Parker County wasn’t alone. In a separate investigation, the SPCA of Texas and Dallas police descended on a property inside the city, seizing 133 birds in total — 123 roosters, eight hens, and two roosters that were already dead, as documented in footage from the scene. Two major metropolitan counties, hundreds of animals, and what appears to be a deeply entrenched underground network. That’s not a coincidence. That’s infrastructure.
What the Law Actually Says
Here’s the thing about cockfighting in Texas — it isn’t some legal gray area. The state explicitly prohibits it under the Texas Penal Code, and it defines torture broadly: any act that causes unjustifiable pain qualifies, according to legal analysis published by the Texas Tech Law Review. Punishments vary depending on severity. On the lower end, offenders face up to one year in jail and a $4,000 fine. On the higher end — say, for running an organized operation — that climbs to 10 years in prison and a $10,000 fine, as outlined by Dallas County’s animal cruelty division.

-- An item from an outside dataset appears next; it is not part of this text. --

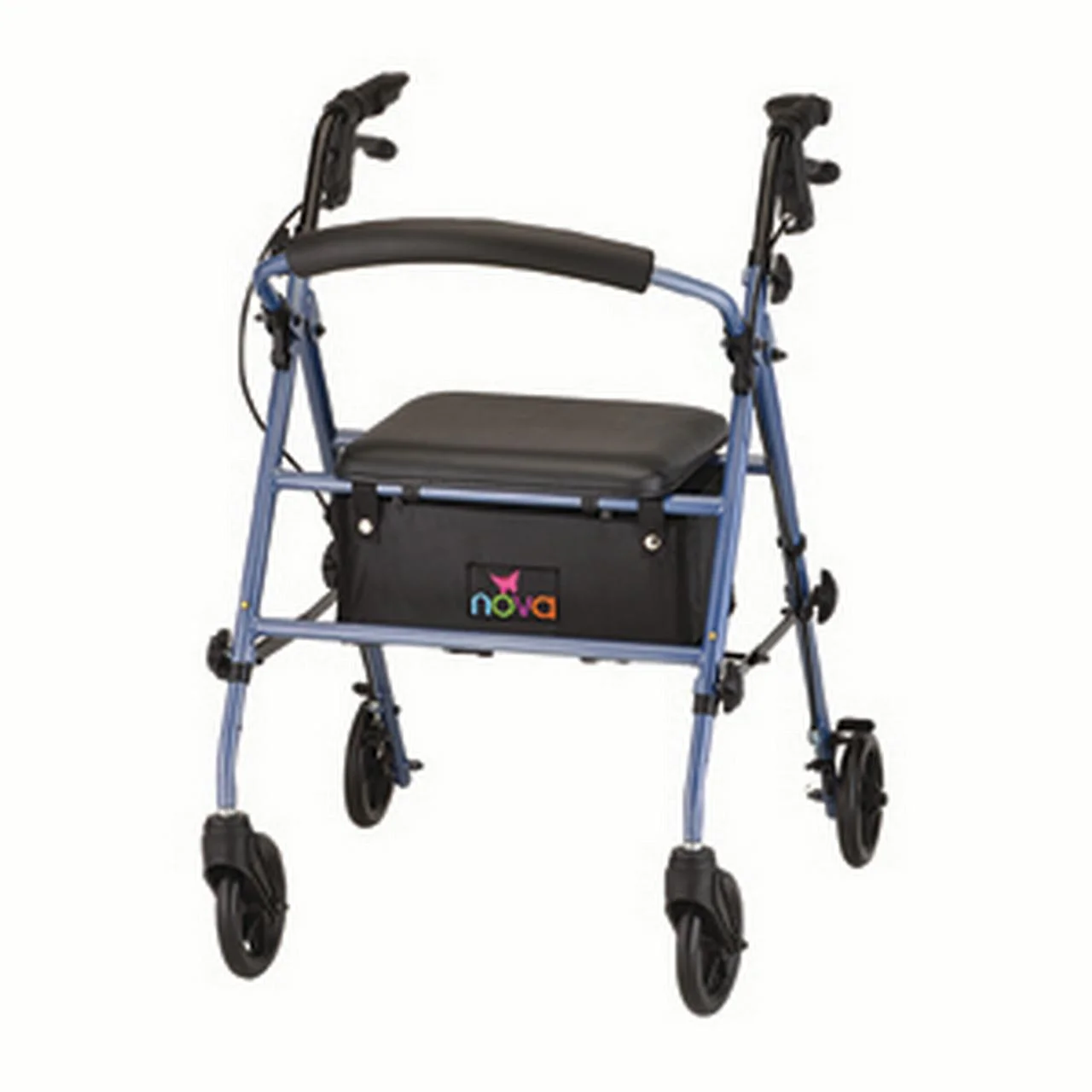 Rollator Nova Journey Steel Frame Rolling Walker Weight Capacity 275 lbs (Blue) - Curated Treasures Market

Other states take an even harder line. In North Carolina, for example, malicious torture or cruel beating of an animal isn’t just a misdemeanor — it’s a Class H felony. The statute is blunt about it: “If any person shall maliciously torture, mutilate, maim, cruelly beat, disfigure, poison, or kill… any animal, every such offender shall for every such offense be guilty of a Class H felony,” as the state’s animal cruelty code reads. Cockfighting itself carries a separate misdemeanor charge on top of that.
Federal Law Exists. Enforcement Is Another Story.

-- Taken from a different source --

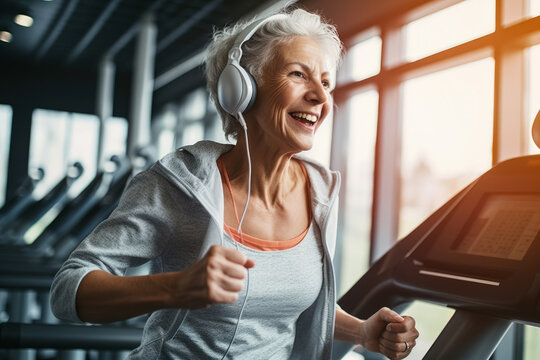 A senior woman wearing workout clothes and headphones while running on a treadmill, emphasizing the convenience and accessibility of exercise equipment in modern times.Generative Ai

How bad is the gap between law and reality? Pretty bad, it turns out. Federal statutes prohibit egregious animal cruelty including cockfighting — but between 2015 and 2019, fewer than 200 defendants were charged under those laws nationwide, according to data compiled by the Center for a Humane Economy. That’s across five years, across the entire country. For an activity that animal welfare advocates say operates in the thousands of locations, the prosecution numbers are startlingly thin.
Still, cases like the ones in Parker County and Dallas suggest something may be shifting — at least at the local level. Sheriffs are speaking publicly. Multiple agencies are coordinating. ICE is involved. Whether that momentum translates into sustained enforcement, or whether it fades once the cameras move on, is the real question.
Five hundred birds don’t end up in coops by accident. Someone built this. And for a long time, apparently, someone let it run.